In the absence of final guidance, true loan-forgiveness benefits are unknown.
The roll out of the Paycheck Protection Program loans triggered a rush for funding at the end of March. The $349 billion in funding for the program provided by the Coronavirus Aid, Relief, and Economic Security (CARES) Act ran out mid-month, and President Trump signed a stopgap measure to provide an additional $320 billion in funding on April 24.
The CARES Act expanded existing loan programs offered by the Small Business Administration (SBA), including the 7(a) and 7(b) loan programs. Generally, SBA loans provide more flexible lending arrangements to smaller organizations that may have a harder time accessing capital from traditional lenders. Congress intended the PPP loans, an SBA 7(a) loan expansion, to support employee retention among organizations with 500 or fewer eligible employees. PPP loans can be borrowed in amounts that are the lesser of 2½ times an organization’s monthly payroll costs for the past 12 months or $10 million.
The loan will be forgiven to the extent organizations demonstrate PPP loan funds supported qualifying payroll functions during an eight-
week period beginning on the date the loan is funded as well as rent, utilities and mortgage interest. The amount of forgiveness is first limited by requiring 75 percent of the forgiven portion be payroll costs.
Additionally, the forgiveness amount will be reduced in the event the employer does not restore headcount or payroll costs to pre-pandemic levels before June 30, 2020. In the event the employer does not restore headcount or payroll costs to pre-pandemic levels, the amount of loan forgiveness is proportionally reduced by the headcount reduction and payroll cost reductions in excess of 25 percent.
The unforgiven balance is due two years after the loan origination date and accrues interest at a rate of 1 percent.

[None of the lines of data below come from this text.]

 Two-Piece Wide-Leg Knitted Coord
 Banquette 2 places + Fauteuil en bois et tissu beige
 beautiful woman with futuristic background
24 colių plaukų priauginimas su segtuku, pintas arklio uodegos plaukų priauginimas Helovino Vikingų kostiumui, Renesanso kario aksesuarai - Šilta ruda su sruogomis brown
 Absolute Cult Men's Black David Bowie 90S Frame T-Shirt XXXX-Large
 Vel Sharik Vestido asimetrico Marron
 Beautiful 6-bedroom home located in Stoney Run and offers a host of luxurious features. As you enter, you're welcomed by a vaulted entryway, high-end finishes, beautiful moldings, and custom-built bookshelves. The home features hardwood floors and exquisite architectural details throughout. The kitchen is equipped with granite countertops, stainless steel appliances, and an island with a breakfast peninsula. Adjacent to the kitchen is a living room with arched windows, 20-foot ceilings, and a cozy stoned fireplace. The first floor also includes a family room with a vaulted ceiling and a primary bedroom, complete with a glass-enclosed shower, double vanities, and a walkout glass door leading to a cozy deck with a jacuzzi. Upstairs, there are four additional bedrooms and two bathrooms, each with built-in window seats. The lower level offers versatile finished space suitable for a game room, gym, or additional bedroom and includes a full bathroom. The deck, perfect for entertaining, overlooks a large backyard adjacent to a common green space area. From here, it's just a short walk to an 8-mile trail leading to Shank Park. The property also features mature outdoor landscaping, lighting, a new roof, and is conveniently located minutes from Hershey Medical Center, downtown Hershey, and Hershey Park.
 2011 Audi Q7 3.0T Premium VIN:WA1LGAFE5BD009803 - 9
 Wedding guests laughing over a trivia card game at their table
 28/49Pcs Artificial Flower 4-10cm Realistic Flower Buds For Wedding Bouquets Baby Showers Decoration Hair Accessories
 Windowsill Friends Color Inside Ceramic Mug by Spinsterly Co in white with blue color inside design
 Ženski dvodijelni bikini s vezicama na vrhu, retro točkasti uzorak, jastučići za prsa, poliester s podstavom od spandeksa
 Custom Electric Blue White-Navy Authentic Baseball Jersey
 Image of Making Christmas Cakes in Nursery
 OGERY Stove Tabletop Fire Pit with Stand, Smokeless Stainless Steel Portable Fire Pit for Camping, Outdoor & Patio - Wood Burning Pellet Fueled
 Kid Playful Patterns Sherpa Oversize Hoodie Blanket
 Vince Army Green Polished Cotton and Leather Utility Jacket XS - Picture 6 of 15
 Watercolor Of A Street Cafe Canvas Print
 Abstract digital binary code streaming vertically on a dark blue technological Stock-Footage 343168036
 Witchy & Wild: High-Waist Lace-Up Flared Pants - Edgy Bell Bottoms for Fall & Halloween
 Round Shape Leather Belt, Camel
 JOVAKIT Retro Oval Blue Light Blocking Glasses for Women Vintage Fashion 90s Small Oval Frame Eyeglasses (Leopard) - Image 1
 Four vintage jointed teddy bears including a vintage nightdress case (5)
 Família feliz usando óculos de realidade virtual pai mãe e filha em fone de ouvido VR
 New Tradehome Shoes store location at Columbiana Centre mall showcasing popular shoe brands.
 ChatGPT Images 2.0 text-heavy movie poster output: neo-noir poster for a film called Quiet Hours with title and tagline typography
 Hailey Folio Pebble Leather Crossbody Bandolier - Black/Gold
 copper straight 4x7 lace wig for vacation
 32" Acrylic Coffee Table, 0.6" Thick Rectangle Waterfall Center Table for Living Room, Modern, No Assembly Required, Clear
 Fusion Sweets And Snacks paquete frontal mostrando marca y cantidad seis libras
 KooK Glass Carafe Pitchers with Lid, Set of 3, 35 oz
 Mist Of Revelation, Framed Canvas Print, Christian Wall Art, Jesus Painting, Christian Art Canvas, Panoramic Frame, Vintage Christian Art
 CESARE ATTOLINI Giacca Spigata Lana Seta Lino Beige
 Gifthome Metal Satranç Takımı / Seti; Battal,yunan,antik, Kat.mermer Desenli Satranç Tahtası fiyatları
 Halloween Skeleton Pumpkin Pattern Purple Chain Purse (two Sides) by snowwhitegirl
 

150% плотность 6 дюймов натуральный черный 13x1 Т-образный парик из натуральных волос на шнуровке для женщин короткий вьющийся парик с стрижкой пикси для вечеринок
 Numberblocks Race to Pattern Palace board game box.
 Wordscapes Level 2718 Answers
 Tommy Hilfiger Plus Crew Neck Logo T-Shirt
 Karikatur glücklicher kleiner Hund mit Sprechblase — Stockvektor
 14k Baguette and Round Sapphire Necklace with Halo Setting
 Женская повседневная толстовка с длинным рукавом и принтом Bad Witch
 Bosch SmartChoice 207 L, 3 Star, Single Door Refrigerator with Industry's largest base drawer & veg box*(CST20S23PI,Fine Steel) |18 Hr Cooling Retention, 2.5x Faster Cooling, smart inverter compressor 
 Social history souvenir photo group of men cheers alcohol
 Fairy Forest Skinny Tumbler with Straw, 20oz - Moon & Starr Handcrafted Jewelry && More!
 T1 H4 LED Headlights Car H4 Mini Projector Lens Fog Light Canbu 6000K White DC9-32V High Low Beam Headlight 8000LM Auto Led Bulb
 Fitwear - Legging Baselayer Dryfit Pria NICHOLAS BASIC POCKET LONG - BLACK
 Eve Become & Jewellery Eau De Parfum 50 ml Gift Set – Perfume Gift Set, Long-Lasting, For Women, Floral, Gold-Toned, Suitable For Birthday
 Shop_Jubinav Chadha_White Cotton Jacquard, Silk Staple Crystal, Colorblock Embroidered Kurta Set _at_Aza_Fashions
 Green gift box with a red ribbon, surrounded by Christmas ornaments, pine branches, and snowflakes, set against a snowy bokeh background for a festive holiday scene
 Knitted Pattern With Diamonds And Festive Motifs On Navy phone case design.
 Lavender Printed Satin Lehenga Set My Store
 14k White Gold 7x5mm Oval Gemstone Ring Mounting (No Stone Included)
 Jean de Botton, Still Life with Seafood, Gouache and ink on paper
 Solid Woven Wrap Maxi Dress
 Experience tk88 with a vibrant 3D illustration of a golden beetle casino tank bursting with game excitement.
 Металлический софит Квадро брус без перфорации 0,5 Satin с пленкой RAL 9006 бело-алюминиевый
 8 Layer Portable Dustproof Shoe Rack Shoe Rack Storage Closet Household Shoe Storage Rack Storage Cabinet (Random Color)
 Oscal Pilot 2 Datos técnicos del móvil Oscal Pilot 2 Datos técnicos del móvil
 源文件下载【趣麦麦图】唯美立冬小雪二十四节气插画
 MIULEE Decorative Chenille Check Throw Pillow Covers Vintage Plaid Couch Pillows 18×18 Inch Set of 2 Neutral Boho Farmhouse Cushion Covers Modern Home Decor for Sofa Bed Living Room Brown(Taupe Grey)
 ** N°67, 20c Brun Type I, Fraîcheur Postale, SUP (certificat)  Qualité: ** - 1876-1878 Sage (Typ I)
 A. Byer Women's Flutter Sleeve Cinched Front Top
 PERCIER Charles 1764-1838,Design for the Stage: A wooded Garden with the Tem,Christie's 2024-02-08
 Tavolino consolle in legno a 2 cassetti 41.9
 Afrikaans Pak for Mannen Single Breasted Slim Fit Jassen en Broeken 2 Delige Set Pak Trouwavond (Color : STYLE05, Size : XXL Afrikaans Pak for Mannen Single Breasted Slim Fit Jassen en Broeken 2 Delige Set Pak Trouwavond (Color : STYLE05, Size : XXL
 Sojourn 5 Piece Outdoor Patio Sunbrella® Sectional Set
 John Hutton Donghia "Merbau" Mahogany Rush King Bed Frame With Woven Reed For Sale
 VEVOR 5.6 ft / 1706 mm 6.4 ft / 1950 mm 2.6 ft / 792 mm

Tax treatment of the loan proceeds Initially, many believed the forgiveness of the PPP loans would be tax free. Section 1106(i) of the CARES Act states: “TAXABILITY – For purposes of the Internal Revenue Code of 1986, any amount which (but for this subsection) would be includible in gross income of the eligible recipient by reason of forgiveness described in subsection (b) shall be excluded from gross income.”
Many people read that and conclude that the forgiveness is not taxable. Congress went out of its way to include this language. However, as the Internal Revenue Service points out in Notice 2020-32, the CARES Act in fact excludes the forgiveness from income, but does not address Internal Revenue Code Section 265, which provides that no deduction is allowed to a taxpayer for any amount otherwise allowable as a deduction to such taxpayer that is allocable to one or more classes of income wholly exempt from the taxation.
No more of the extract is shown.